Olumlu, Ümitvar Bir Bakış Açısına Sahiptir
İnsanın karşısına bir zorluk çıkacaksa o zorluğu yaratacak olan da Allah'tır ve herşeyde olduğu gibi zorlukların da tümünde insan için bir hayır ve güzellik vardır. Allah'ın yardımıyla aşılamayacak hiçbir zorluk yoktur. Bunun bilincindeki Müslüman, her zaman her konuda ümitvar bir ahlak sergiler. Dolayısıyla üslup ve konuşmalarında olumsuz bir yoruma ve vurguya yer olmaz. Karşısına çıkan her olayı hayırlı görür, "acaba sonuç ne olacak", "ya şöyle olursa..." gibi olumsuz bir üslup kullanmaz. Allah, Peygamberimiz (sav) döneminde bir zorluk anında sahabelerin kullandıkları güzel üslubu, Kuran’da şu şekilde bildirmiştir: “Mü'minler (düşman) birliklerini gördükleri zaman ise (korkuya kapılmadan) dediler ki: "Bu, Allah'ın ve Resûlü'nün bize vadettiği şeydir; Allah ve Resûlü doğru söylemiştir." Ve (bu,) yalnızca onların imanlarını ve teslimiyetlerini artırdı.” (Ahzab Suresi, 22)
Mütevazı ve Aczini Bilen Bir Anlayışa Sahiptir
Bir insan ne kadar çok şey bilirse bilsin mutlaka bilmediği konular da olacaktır. Bu yüzden insanın her konuyu biliyor gibi davranmaya çalışması son derece hatalı bir davranıştır. Ancak sonsuz akıl ve ilim sahibi Yüce Allah, herşeyin bilgisine sahiptir. Kaldı ki insanın pek çok konuda bilgisi olsa bile Allah'ın "... her bilgi sahibinin üstünde daha iyi bir bilen vardır." (Yusuf Suresi, 76) ayetini unutmaması gerekir. Allah bu ayetle, insanların ne kadar bilgi sahibi olurlarsa olsunlar bu konuda kibire kapılacakları bir durumları olmadığına dikkat çekmiş ve onları tevazulu olmaya yöneltmiştir.

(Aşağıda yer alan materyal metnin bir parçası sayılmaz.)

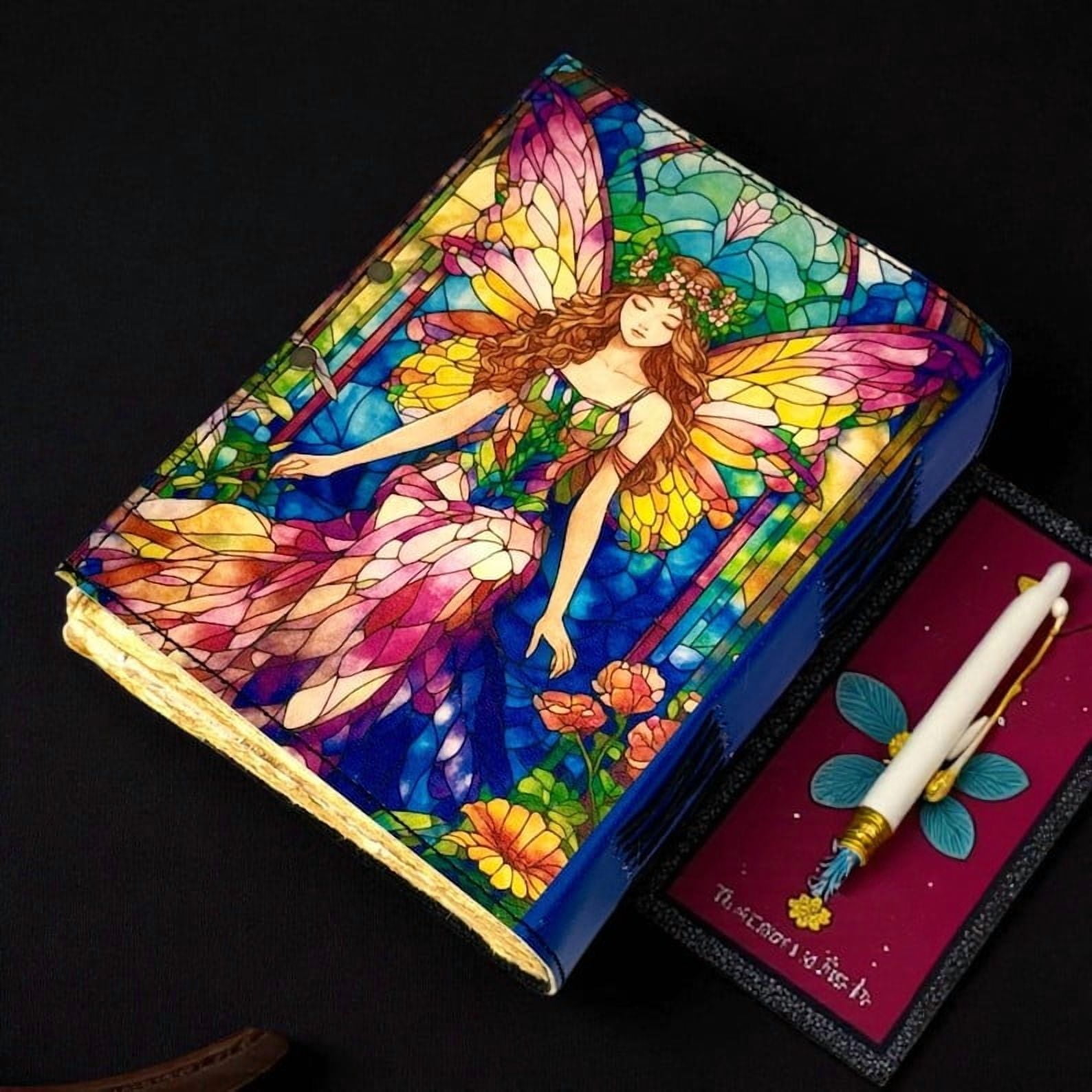 Fairy Leather Grimoire Journal – Handmade 200-Page Book of Shadows, Vintage Witchcraft Spellbook, Wiccan Pagan Journal, Gothic Witchy Gift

Gerçekten Allah'tan korkan bir insan, doğruluğu hakkında şüphe duyduğu bir bilgiyi aktarmaktan ya da emin olmadığı bir sözü söylemekten çekinir. Zandan, tahminden ve tereddütlü bir bilgiyi savunmaktan, üzerine yorumlar yapmaktan kaçınır. Böyle bir durumla karşılaştığında bilgisi olmadığını söylemekten ise kesinlikle çekinmez. Çünkü bunun aksi, Allah'ın, "Hakkında bilgin olmayan şeyin ardına düşme; çünkü kulak, göz ve kalp, bunların hepsi ondan sorumludur." (İsra Suresi, 36) ayetinde bildirdiği gibi, kişiyi büyük bir sorumluluk altında bırakabilir. Mümin her zaman aczini bilen bir üslupla olayları yorumlar, yorum ve tespitlerinin sonunda “Doğrusunu Allah bilir” der.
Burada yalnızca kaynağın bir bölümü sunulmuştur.